Question about using Strings

Question

Question about using Strings

jehugaleahsa opened this issue 2 years ago · 4 comments

Hello! This is mostly a question about your library.

I noticed a lot of the methods either accept a string or return a string, such as addSalt(String). I noticed when you convert these back to byte[], you are using UTF 8. When I take an existing salt, that's just a byte[], and try to convert it to a String using new String(bytes, StandardCharsets.UTF_8) I always get an error about it being an invalid salt. These are salts that were generated prior to using your library.

I am curious how UTF 8 works in this situation. Normally, byte values >127 are interpreted as surrogate pairs, meaning the character is composed of 2 or more bytes. Some sequences of bytes are not valid unicode, as some ranges are reserved. I am curious how UTF 8 handles this situation and was hoping you knew off hand. Is it replacing those byte sequences with a default character (like those that appear as a square symbol or question mark diamond), or is it keeping the byte sequences as-is?

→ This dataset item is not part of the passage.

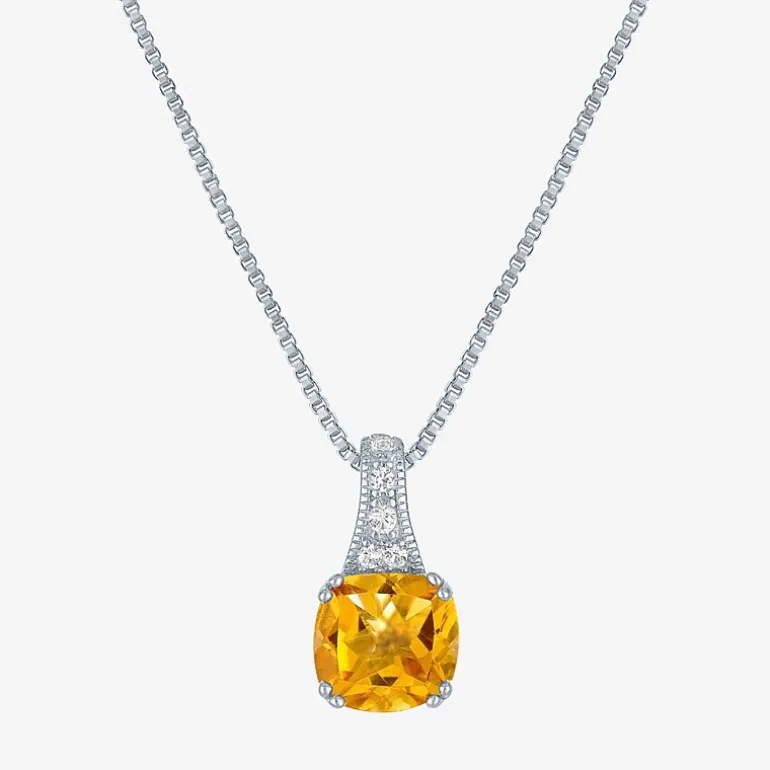 Gemstone Sterling Silver Cushion Pendant Necklace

Would it be possible to create overloads of addSalt taking a byte[] so I could use this library? In case you're curious, when I persisted my passwords and salts to a database, I used Base64 to encode byte[] rather than UTF 8.

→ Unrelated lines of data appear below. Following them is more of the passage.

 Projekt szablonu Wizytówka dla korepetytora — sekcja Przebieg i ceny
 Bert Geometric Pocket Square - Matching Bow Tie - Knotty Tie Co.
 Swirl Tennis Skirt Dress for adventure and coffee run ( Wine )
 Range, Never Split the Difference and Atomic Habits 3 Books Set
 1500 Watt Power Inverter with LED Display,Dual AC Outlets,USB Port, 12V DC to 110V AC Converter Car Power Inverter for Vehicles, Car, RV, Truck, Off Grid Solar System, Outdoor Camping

Answer 1 · 2022-08-18T16:13:37.000Z

Hi @jehugaleahsa ,

what algorithm are you using? bcrypt for example generates by itself the salt and cannot be specified.

Can you provide an example where you get the error?
Thank you 🙂

Answer 2 · 2022-08-19T12:48:09.000Z

Sorry. I probably didn't explain that very well. Currently, I am using patrickfav's implementation of bcrypt. To generate the salt, I am using java's SecureRandom class. It works just fine - I wasn't sure if you were saying you're implementation always generates its own salt or if that's the nature of the bcrypt algorithm in general.

I answered my own question about the UTF8 thing, btw. The unit test below took one of my salts, encoded as Base64, and converts it back to a byte array. I convert it to a string using UTF8 and back again, and confirmed the byte arrays do not match. So the Java UTF8 encoder must map invalid character sequences, so the byte[] doesn't round-trip.

    @Test
    public void testEncoding() {
        byte[] bytes = Base64.getDecoder().decode("CBrGvzDkT1UFDkmPQ94pOQ==");
        String utf8 = StandardCharsets.UTF_8.decode(ByteBuffer.wrap(bytes)).toString();
        byte[] encoded = utf8.getBytes(StandardCharsets.UTF_8);
        Assertions.assertArrayEquals(bytes, encoded); // <--- this fails
    }

Does your library avoid generating salts that would run into this issue? I am not going to be able to port to using password4j because I can't use the existing salts in my database.

Answer 3 · 2022-08-19T16:29:14.000Z

There are no inconsinstencies between the two libraries as you can see

String password = "MySuperSecurePassword";

// encrypt with patrickfav implementation
String hash1 = BCrypt.withDefaults().hashToString(12, password.toCharArray());

// encrypt with Password4j implementation
BcryptFunction f = BcryptFunction.getInstance(Bcrypt.A, 12);
String hash2 = Password.hash(password).with(f).getResult();

// check with Password4j patrickfav's hash
Password.check(password, hash1).with(f); // true

// check with patrickfav implementation Password4j's hash
BCrypt.verifyer().verify(password.toCharArray(), hash2).verified; // true

What I find weird is that you had stored the salt in a separate column in you database. You must always save the hash in its original form, like $2a$12$dp7gYK/LoX1Cm4jpZXp56Onv7Bnf178GpZQVYKwaS4VZvZ0fSLcPu.
bcrypt (but also scrypt and Argon2) integrates the salt inside the cipher text, but bcrypt has stricter rules:

a 16-bytes salt
salt and cipher text are encoded with a modified version of Base64

The last point probably is where you have the issue: you are using the standard Base64 decoder, while it was originally encoded with a modified one. I did't checked how patrickfav's encode the salt BCrypt.Result, but I'm quite sure it's not using the modified Base64.

The only solution I see is that you have to implement the modified version of Base64 (see for example com.password4j.BcryptFunction#decodeBase64(String, int). Even if Password4j would allow salts in form of byte[] (which is a good feature), you still have to decode from standard Base64 your salts and encode them back with the modified Base64.

Answer 4 · 2022-08-19T17:38:30.000Z

I am going to close this issue. Thanks for the education - it helped. What I was missing was that bcrypt stores the hash internally. The database was designed to handle various algorithms so the hash was basically just duplicated.